Talking About Poems and What They Do Is Hard: A Defense of Nonsense, I Guess
Magpie on the Gallows

Magpie on the Gallows by Pieter Brueghel the Elder

An essay at 32 Poems by Matthew Buckley Smith poses two questions: Why do so many poems make so little sense? and Why do people like them so much?

Smith (a poet I like and admire, who gives me hope that there is yet interesting poetry to be wrung from the iamb!) deems the questions “honest”—but I’d say at best they’re half-honest. If you wanted to know why people do certain things and why others like those things, the first thing you’d do, if possible, is ask the people in question. Sure, people are not always truthful, and there’s some kind of limit to self-awareness, but it would be a start.

Instead, Smith begins by defining “nonsense” and, in the process, demonstrates how difficult it is to be objective about it. “What the mind cannot feel is called nonsense,” he writes. If you ask me, “mind” (whose?) and “feel” (in what way?) make this definition hopelessly imprecise. Smith himself quickly concedes that “[e]ven a list of words selected at random from the dictionary can provoke some feeling.”
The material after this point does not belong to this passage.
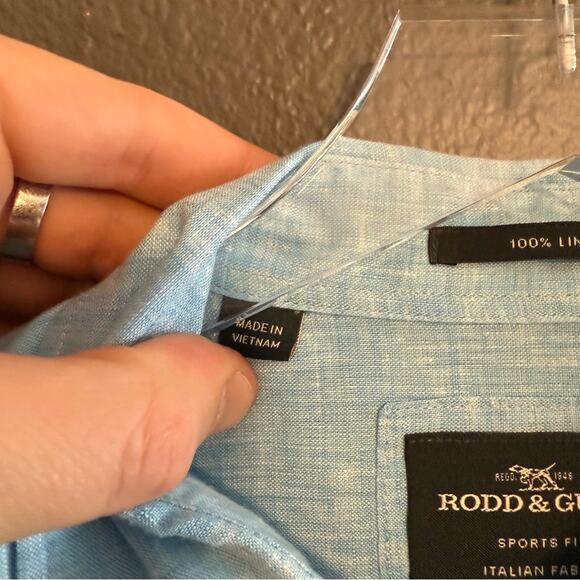 Rodd & Gunn NWOT Ellerslie Short Sleeve Linen Button-Up Shirt Size XL - Picture 6 of 6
He goes on: “It is not enough for various parts to register as felt by the mind. In order for an utterance to make sense, the mind must feel it as a whole. ‘As a whole,’ though, need not mean ‘without omission,’ and vice versa.”

So sense requires that one’s mind be able to feel an utterance, as a whole, and with or without omission. Everything else is nonsense. As this preliminary definition gets cumbersome, Smith replaces it with this: “One makes sense of an utterance by imagining the mind that could produce it.”

But even this definition of sense (and implicit definition of nonsense)—which asks that we consider one mind’s ability to imagine another mind—requires further tweaking. Unconscionable statements, though they may leave our minds struggling to imagine the mind of another, are excluded from nonsense. Infantile babble and paranoiac ravings are nonsense par excellence but are ultimately excluded from that category—for the purposes of the essay, at least—because “we don’t expect to imagine” the minds that produce them.

So the “nonsense” poems that Smith is treating are those poems which preclude a mind’s ability to imagine the minds that produced them, minds that the first mind expected to imagine.

Despite the extreme subjectivity of “nonsense” as defined here, Smith offers only two options when a reader believes that a poem doesn’t make sense:

“1. The poem does make sense, you just haven’t made sense of it yet.
2. The poem truly does not make sense, whether or not the poet intended to.”

I would like to add a third: The sense of the poem is in you, the reader.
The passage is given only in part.